EDIT: I assumed you said "felt bad" as in _guilty_, _ashamed_. Was I wrong?


----------



## parakseno

Or using a negation, "not to feel well". I guess it's vague enough...
"Îmi era rău" - "I wasn't feeling well".


----------



## Mallarme

Trisia said:


> Normally, no. It means I felt sick. Not necessarily _sick _as in ready to puke or anything.
> 
> Era foarte cald si mie mi-era rău = aici poţi interpreta ca dizzy, faint etc.
> 
> Context?



Scuze că nu ţi-am dat contextul.  Iată contextul: 



> --Iată, Edda, ce este, îmi era rău, mă simţeam slab şi prăpădit.  Întotdeauna prezenţa ta îmi face bine, e de-ajuns să te văd...

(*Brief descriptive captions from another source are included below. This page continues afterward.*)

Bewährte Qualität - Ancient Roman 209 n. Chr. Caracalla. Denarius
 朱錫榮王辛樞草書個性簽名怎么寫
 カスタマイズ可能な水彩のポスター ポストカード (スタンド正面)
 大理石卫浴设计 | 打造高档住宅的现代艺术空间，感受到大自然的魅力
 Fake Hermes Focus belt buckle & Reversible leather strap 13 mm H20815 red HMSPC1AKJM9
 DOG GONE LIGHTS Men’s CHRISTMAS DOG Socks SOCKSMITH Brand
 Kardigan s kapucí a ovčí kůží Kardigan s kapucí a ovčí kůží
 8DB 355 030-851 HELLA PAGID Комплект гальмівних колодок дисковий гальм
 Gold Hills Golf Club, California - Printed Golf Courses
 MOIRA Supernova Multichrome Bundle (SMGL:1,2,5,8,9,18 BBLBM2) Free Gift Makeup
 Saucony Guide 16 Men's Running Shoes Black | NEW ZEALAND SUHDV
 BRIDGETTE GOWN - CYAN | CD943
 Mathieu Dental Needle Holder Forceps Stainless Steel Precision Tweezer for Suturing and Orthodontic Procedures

I'm wondering if he means that he felt SICK or he felt depressed/bad in a general way..."I felt bad" could mean either.



> EDIT: I assumed you said "felt bad" as in _guilty_, _ashamed_. Was I wrong?



No, I didn't mean that though "I felt bad" could mean that TOO.

---------


> Or using a negation, "not to feel well". I guess it's vague enough...
> "Îmi era rău" - "I wasn't feeling well".


Yes, parakseno, I was wondering if I could use some very vague phrase there, something more vague than "sick" (unless of course, it means "sick").

Thanks you two!


----------